[comp.parallel] Alliant FX/2880

neray@Alliant.COM (Phil Neray) (03/16/90)

In article <8261@hubcap.clemson.edu> boulder!foobar!grunwald@ncar.UCAR.EDU (Dirk Grunwald) writes:
>I've heard that Alliant has announced an i860 based system with up to
>28 processors. Anyone have any more information? What's the system
>architecture? FX/80-like but with higher bandwidth bus?

Glad you asked. Alliant announced the FX/2800 in January, with
shipments to begin in March. The FX/2800 consists of:

- Up to 28, 64-bit Intel i860 processors (40 MHz).
- Up to 1 GB of main memory and 4 MB of cache memory (connected to the
processors via a 1.28 GB/s crossbar switch).
- Multiple 25 MB/s VME channels with disk striping, UltraNet, etc.
- Extensively multi-threaded Concentrix operating system.
- Parallel FX/Fortran, FX/C and FX/ADA compilers.
- Real-time FX/RT executive (priority-driven, pre-emptive scheduling),
co-resident with UNIX.
- Optional tightly-coupled visualization capability (X11R3,
PHIGS/PHIGS+, visualization toolkits).
- Source-code compatible with the FX/80 Series.
- $500K to $2M price range. Entry-level is 8-processor system.

What's unique about this system? It's the first general-purpose,
shared memory, parallel supercomputer that uses standard VLSI
processors rather than a proprietary processor architecture.

It's the first truly open supercomputer because it is standard at
the processor/instruction-set level AS WELL AS at the usual UNIX
level (UNIX, NFS, NQS, compilers, etc.).

The idea is to bring the benefits of binary standards to the
supercomputer world, so that users can benefit from a much broader
applications base than has traditionally been available.

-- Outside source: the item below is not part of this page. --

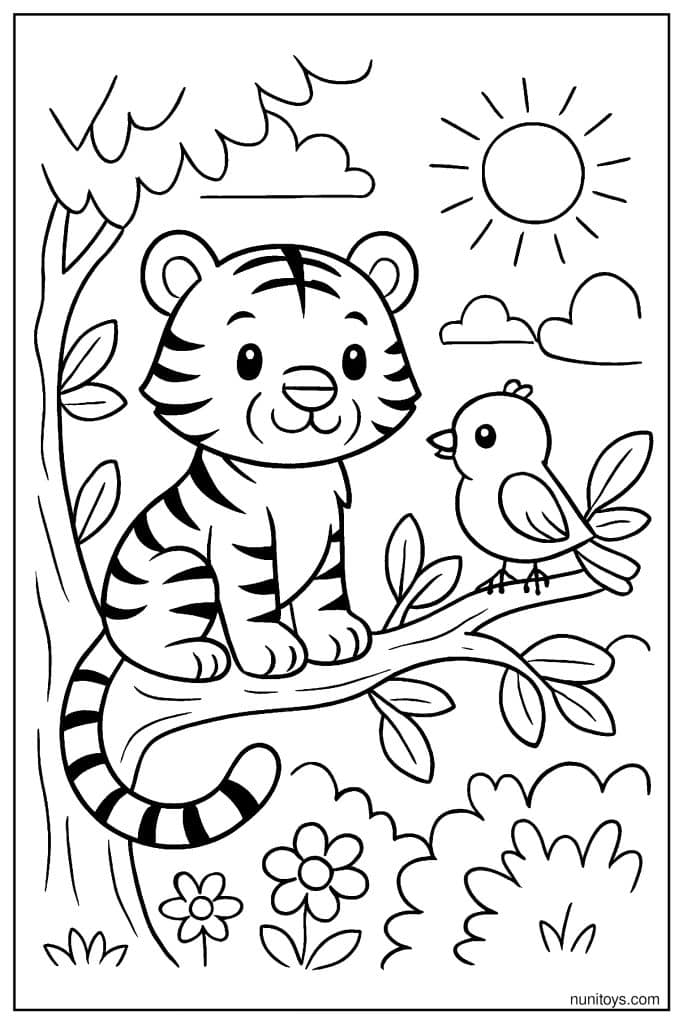 דף צביעה של טיגריס קטן יושב על ענף עם ציפור בגינה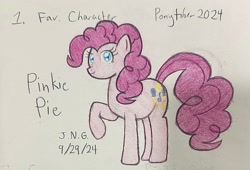 Size: 2415x1638 | Tagged: safe, artist:truejackster2001, imported from derpibooru, pinkie pie, female, ponytober, solo, traditional art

The FX/2800 is compatible with the PAX (Parallel Architecture
eXtension) ABI jointly defined by Intel and Alliant. ANY vendor who 
wants to build a binary-compatible system can go to Intel and buy the 
i860 processors, plus Alliant's concurrency control architecture and 
parallelizing compilers (which Alliant has licensed to Intel)...AND
any software vendor can produce a single binary version of his
application that runs on a variety of machines, from workstations to
parallel supercomputers like Alliant's.

Using standard processors (the i860 is a "Cray-on-a chip", as
described by John Rollwagen) combined with parallelism and high-speed
shared memory, we've built a system that is rated at 720 MFLOPS on
the 1000x1000 LINPACK (in comparison, the single-processor Cray
Y-MP/832 is rated at 308 MFLOPS, the C240 at 166 MFLOPS, and the VAX
9000/440VP at 312 MFLOPS).

Other performance metrics: over 1.12 peak GFLOPS (DP), 1148 VAX MIPS
(aggregate, based on Dhrystone V1.1) and 672 Whetstone MIPS 
(non-inlined, aggregate).

The processors in the FX/2800 can be used as parallel or
multiprocessors. Up to six parallel clusters are supported. The
scheduler automatically "breaks-up" a cluster into independent
multiprocessors if there are no parallel jobs waiting to execute, or
automatically breaks clusters up in user-defined time-slices. 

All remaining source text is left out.